Data extracted from a collection
________________________________________

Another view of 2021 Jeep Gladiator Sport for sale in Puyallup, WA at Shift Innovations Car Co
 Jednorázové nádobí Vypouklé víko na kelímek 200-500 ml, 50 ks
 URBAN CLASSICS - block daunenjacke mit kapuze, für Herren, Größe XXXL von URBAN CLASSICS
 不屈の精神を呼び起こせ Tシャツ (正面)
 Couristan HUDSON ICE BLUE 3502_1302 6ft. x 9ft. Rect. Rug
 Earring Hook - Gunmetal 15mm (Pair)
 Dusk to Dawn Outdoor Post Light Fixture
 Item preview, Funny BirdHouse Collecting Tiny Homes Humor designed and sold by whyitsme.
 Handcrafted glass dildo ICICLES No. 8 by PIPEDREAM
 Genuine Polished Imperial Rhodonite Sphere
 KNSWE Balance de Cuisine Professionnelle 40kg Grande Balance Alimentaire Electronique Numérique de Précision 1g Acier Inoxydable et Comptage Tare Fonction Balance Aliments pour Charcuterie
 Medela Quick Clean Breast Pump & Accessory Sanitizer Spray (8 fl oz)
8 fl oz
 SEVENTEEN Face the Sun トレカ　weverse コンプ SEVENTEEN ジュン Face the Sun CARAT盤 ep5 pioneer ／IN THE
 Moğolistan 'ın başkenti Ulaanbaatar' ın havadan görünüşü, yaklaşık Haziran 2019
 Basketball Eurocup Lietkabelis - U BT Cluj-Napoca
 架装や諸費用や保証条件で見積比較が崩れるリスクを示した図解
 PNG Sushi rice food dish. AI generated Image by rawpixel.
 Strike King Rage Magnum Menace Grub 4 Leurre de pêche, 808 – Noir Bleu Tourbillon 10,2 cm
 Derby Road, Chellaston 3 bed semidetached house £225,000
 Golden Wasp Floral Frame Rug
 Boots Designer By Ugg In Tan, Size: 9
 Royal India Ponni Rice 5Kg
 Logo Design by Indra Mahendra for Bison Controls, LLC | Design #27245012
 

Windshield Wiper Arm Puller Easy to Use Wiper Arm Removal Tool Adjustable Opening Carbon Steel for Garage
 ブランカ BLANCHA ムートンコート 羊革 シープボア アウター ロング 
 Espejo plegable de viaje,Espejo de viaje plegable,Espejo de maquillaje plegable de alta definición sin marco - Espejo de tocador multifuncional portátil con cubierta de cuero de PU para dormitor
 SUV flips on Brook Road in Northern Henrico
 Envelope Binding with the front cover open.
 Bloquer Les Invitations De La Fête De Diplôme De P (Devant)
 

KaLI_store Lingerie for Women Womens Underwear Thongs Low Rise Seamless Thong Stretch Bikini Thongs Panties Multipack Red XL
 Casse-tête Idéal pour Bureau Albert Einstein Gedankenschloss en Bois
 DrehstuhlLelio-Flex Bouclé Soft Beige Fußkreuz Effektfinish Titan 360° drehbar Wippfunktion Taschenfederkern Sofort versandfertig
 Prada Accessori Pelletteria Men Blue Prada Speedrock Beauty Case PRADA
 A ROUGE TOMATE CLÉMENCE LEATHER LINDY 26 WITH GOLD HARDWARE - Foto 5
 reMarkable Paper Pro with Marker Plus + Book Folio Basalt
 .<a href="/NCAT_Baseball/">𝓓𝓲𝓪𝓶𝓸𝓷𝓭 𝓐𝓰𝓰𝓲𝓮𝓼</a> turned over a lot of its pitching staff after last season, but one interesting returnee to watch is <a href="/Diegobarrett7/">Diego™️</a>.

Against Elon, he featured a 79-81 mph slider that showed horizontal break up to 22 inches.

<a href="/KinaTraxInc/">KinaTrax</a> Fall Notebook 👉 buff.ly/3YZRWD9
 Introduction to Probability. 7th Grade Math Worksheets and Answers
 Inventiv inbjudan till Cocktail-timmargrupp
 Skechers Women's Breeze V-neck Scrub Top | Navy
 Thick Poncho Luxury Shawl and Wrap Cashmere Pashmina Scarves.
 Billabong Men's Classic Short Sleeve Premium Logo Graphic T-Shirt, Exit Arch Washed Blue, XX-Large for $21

________________________________________

Every line above needs to be repeated exactly as shown.

TASK RESPONSE
Another view of 2021 Jeep Gladiator Sport for sale in Puyallup, WA at Shift Innovations Car Co
 Jednorázové nádobí Vypouklé víko na kelímek 200-500 ml, 50 ks
 URBAN CLASSICS - block daunenjacke mit kapuze, für Herren, Größe XXXL von URBAN CLASSICS
 不屈の精神を呼び起こせ Tシャツ (正面)
 Couristan HUDSON ICE BLUE 3502_1302 6ft. x 9ft. Rect. Rug
 Earring Hook - Gunmetal 15mm (Pair)
 Dusk to Dawn Outdoor Post Light Fixture
 Item preview, Funny BirdHouse Collecting Tiny Homes Humor designed and sold by whyitsme.
 Handcrafted glass dildo ICICLES No. 8 by PIPEDREAM
 Genuine Polished Imperial Rhodonite Sphere
 KNSWE Balance de Cuisine Professionnelle 40kg Grande Balance Alimentaire Electronique Numérique de Précision 1g Acier Inoxydable et Comptage Tare Fonction Balance Aliments pour Charcuterie
 Medela Quick Clean Breast Pump & Accessory Sanitizer Spray (8 fl oz)
8 fl oz
 SEVENTEEN Face the Sun トレカ　weverse コンプ SEVENTEEN ジュン Face the Sun CARAT盤 ep5 pioneer ／IN THE
 Moğolistan 'ın başkenti Ulaanbaatar' ın havadan görünüşü, yaklaşık Haziran 2019
 Basketball Eurocup Lietkabelis - U BT Cluj-Napoca
 架装や諸費用や保証条件で見積比較が崩れるリスクを示した図解
 PNG Sushi rice food dish. AI generated Image by rawpixel.
 Strike King Rage Magnum Menace Grub 4 Leurre de pêche, 808 – Noir Bleu Tourbillon 10,2 cm
 Derby Road, Chellaston 3 bed semidetached house £225,000
 Golden Wasp Floral Frame Rug
 Boots Designer By Ugg In Tan, Size: 9
 Royal India Ponni Rice 5Kg
 Logo Design by Indra Mahendra for Bison Controls, LLC | Design #27245012
 

Windshield Wiper Arm Puller Easy to Use Wiper Arm Removal Tool Adjustable Opening Carbon Steel for Garage
 ブランカ BLANCHA ムートンコート 羊革 シープボア アウター ロング 
 Espejo plegable de viaje,Espejo de viaje plegable,Espejo de maquillaje plegable de alta definición sin marco - Espejo de tocador multifuncional portátil con cubierta de cuero de PU para dormitor
 SUV flips on Brook Road in Northern Henrico
 Envelope Binding with the front cover open.
 Bloquer Les Invitations De La Fête De Diplôme De P (Devant)
 

KaLI_store Lingerie for Women Womens Underwear Thongs Low Rise Seamless Thong Stretch Bikini Thongs Panties Multipack Red XL
 Casse-tête Idéal pour Bureau Albert Einstein Gedankenschloss en Bois
 DrehstuhlLelio-Flex Bouclé Soft Beige Fußkreuz Effektfinish Titan 360° drehbar Wippfunktion Taschenfederkern Sofort versandfertig
 Prada Accessori Pelletteria Men Blue Prada Speedrock Beauty Case PRADA
 A ROUGE TOMATE CLÉMENCE LEATHER LINDY 26 WITH GOLD HARDWARE - Foto 5
 reMarkable Paper Pro with Marker Plus + Book Folio Basalt
 .<a href="/NCAT_Baseball/">𝓓𝓲𝓪𝓶𝓸𝓷𝓭 𝓐𝓰𝓰𝓲𝓮𝓼</a> turned over a lot of its pitching staff after last season, but one interesting returnee to watch is <a href="/Diegobarrett7/">Diego™️</a>.

Against Elon, he featured a 79-81 mph slider that showed horizontal break up to 22 inches.

<a href="/KinaTraxInc/">KinaTrax</a> Fall Notebook 👉 buff.ly/3YZRWD9
 Introduction to Probability. 7th Grade Math Worksheets and Answers
 Inventiv inbjudan till Cocktail-timmargrupp
 Skechers Women's Breeze V-neck Scrub Top | Navy
 Thick Poncho Luxury Shawl and Wrap Cashmere Pashmina Scarves.
 Billabong Men's Classic Short Sleeve Premium Logo Graphic T-Shirt, Exit Arch Washed Blue, XX-Large for $21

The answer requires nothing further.